When PFLAG founder Jeanne Manford marched with her son Morty in the 1972 Christopher Street Liberation Day March, she was overwhelmed by the number of weeping, rejected LGBTQ young people who embraced her along the route, each of them begging her to speak with their own parents and families. Jeanne knew instinctively that the transformation of family values and practices was essential to healthy LGBTQ life, so she and a committed group of parents (including her husband, Jules) and LGBTQ activists (including her son, Morty) began the very first support group for parents of LGBTQ people in NYC. In the basement of the Church of the Village on March 11, 1973, PFLAG was born!
How did PFLAG create such massive change in family values and LGBTQ life in less than half a century?
One interaction at a time. One family at a time. One chapter at a time.

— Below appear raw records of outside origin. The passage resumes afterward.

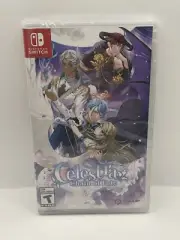 Celestia Chain of Fate Switch Brand New Game Special [2024 Visual Novel]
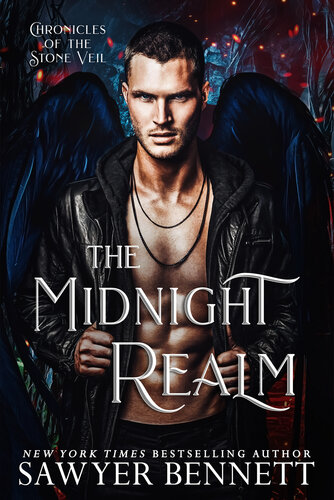 The Midnight Realm Sawyer Bennett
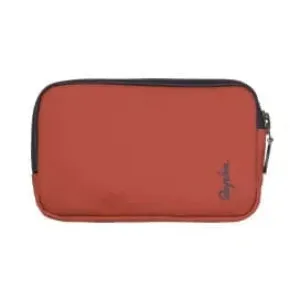 RAPHA Rainproof Essential Case Small  Pouch - BCK Brick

It is impossible to overstate the impact of one parent or family member listening to, seeking help from, and offering love and acceptance to another. In a culture steeped in denial about massive inequalities and the depression and hopelessness they engender, PFLAG creates tiny moments of truth and hope among people whose love for their LGBTQ family members and friends sometimes comes into conflict with established authorities in their lives—whether it be religious institutions, employers, or government actors including police, courts, or family services, educators, coaches, doctors, or extended family.
These moments of honesty, grief, acceptance, and love propel PFLAGers through seemingly impossible dilemmas and family fractures.
We cannot estimate the number of LGBTQ lives that have been saved through these exchanges in PFLAG meetings; we cannot count the legions of community leaders that have sprung into action. But just as Jeanne and her family knew 45 years ago, we know that these number in the tens of thousands. We know that seemingly “small” interactions catalyze monumental changes in our families, lives, communities, and institutions over time.
PFLAG love and acceptance saves LGBTQ lives.
PFLAG families grow resilient and empowered LGBTQ children.
PFLAG groups heal and re-connect LGBTQ families.
PFLAG passion powers life-long parent, family and allied leaders in the struggle for justice and equality.